The Western Mail
February 14th 1934
With
Horse and Hounds
Jack Poletty of the Glyn Celyn Beagles
By GARETH JONES
Wiry, old Jack
Poletty, the kennelman of the Glyn Celyn Beagles, came hurrying out of the
stables with the unmistakable gait of a man who has spent his life in the
saddle.
What a
Shakespearean figure he looked! The
faithful groom and servant type, loving horses and dogs; a type which has not
changed for centuries. He fitted
the scene - the yellow cottages with the date A.D. 1616, the year of
Shakespeare’s death, carved over the door, the barking of the beagles from the
kennels, the cobblestones in the courtyard, and the dark, towering pine trees
out against the hazy blue hills.
In a few
moments the beagles leapt around. There
was “Duster,” going a bit grey now. “That’s
‘Ranger,’ the fighter,” said Major Beor-Roberts, owner of these, the Glyn
Celyn Beagles. “That’s
Artful,’ the first pup we had, and a good hound he’s been, too.

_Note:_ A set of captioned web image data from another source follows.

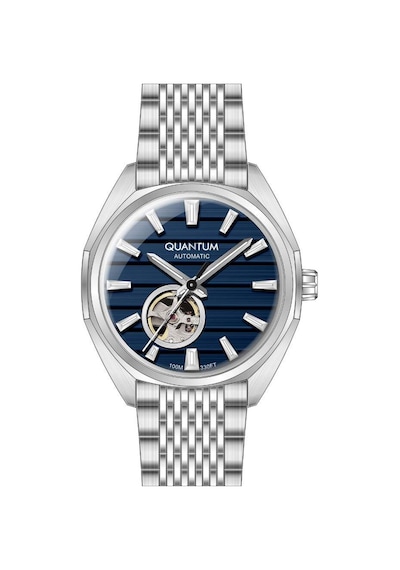 Quantum Qmg1244.390 Otomatik Çelik Gri Lacivert Kadran 10 Atm 41 Mm Erkek Kol Saati Gri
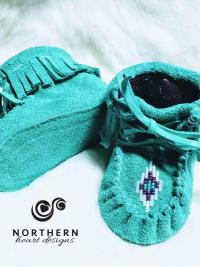 baby moccasins, baby shoes, leather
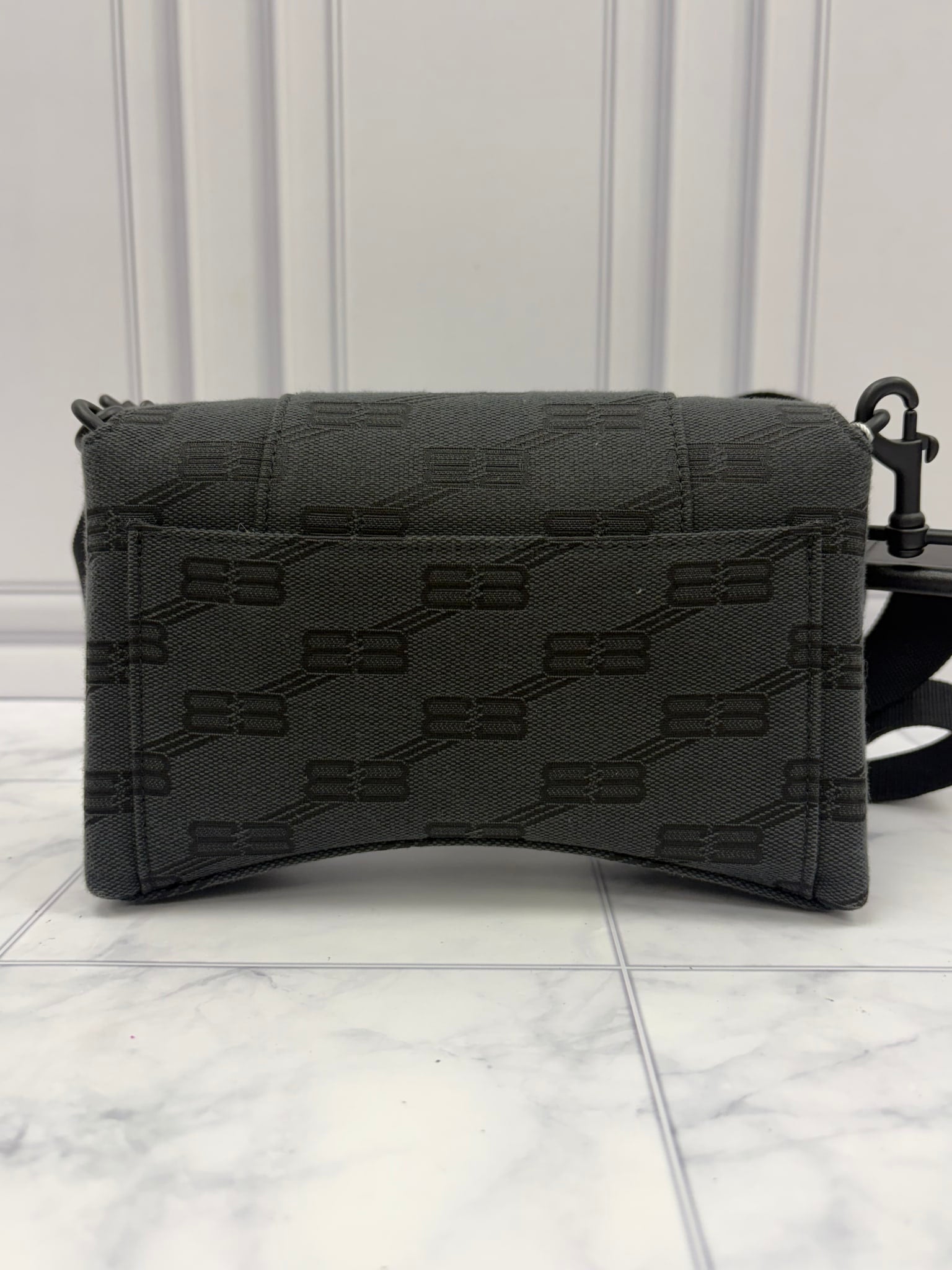 Balenciaga Black BB Jacquard Downtown Crossbody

That’s ‘Purity’ and that’s ‘Duchess.’”
Such was my introduction to the Glyn Celyn pack, Breconshire, on a day
when the sun shone down on brown ploughed fields around.
Cunning Hares
They looked a
healthy, useful pack. And hard they
have to be in a county like Brecon, where you have the toughest, brightest hares
in the world. They do not breed the
soft kind there, but hard-going, cunning hares which take more killing than in
any other county. What better
traveller could you find than the black-backed mountaineer, real Welshman,
smaller than the usual hare, with the stocky mountaineer’s grit and strength?
“We’ve too
many hares,” said Major Beor-Roberts. “They
run a relay race. As soon as one
gets tired another pops up!” So
strong are the hares that during a day’s coursing the greyhounds raised over
40 hares, but only killed six. But
the Glyn Celyn pack are as determined as their quarry. On one occasion they were two hours 25 minutes hunting one
hare.
Oxford Blood
These beagles
were started six seasons ago, and the best drafts were obtained from the New
College and Balliol pack and from the Christ Church Beagles. They are, therefore, truly Oxford in sympathy, and combine the brains of
Balliol with the blue blood of Christ Church.
They hunt a
very short season, from the beginning of October to the end of January or early
February. “I stop them then,”
said Major Beor-Roherts, “because I don’t think it is fair to the farmers.
When lambs are about or the ewes are heavy with lamb the beagles move
them too much.”
The Glyn Celyn
Beagles have an occasional joint meet with Mr. de Courcey Parry’s pack from
Clun Forest, Shropshire. They are
fortunate in their master, Major Beor-Roberts, who was in the 24th Regiment
(South Wales Borderers). Everything
about him and about his estate has a healthy, home-spun character-the masks of
foxes in the hall, the old engravings (“The First Steeplechase on Record,”
depicting horsemen in night-shirts flying over hedges, and “Whoop away! The
Major in trouble!“), the pictures by Ivester Lloyd, the mask of a 301b. otter
killed at Buckland Rocks, and souvenirs of the days when Major Beor-Roberts
hunted in Spain with the Royal Calpé Hounds, supposed to be descended from
Wellington’s hounds.
Jack Poletty
The beagles
are fortunate also in their kennelman, Jack Poletty, a great fellow.
“Yes, sir,
I’ve shaken hands with two Kings,” he told me-” King Edward and the King
of Denmark.”
It was a great
day for him, for it was the day in 1901 when, at Windsor, he beat Sweet
Charlotte, the fastest mare in England or Ireland. Now his racing days are over, and he is the dictator of the
fifteen couples of beagles.
“Kennel up!
Kennel up!” I heard him shout, and I had my last glimpse of the beagles as
they rushed at his command into the old yellow stable.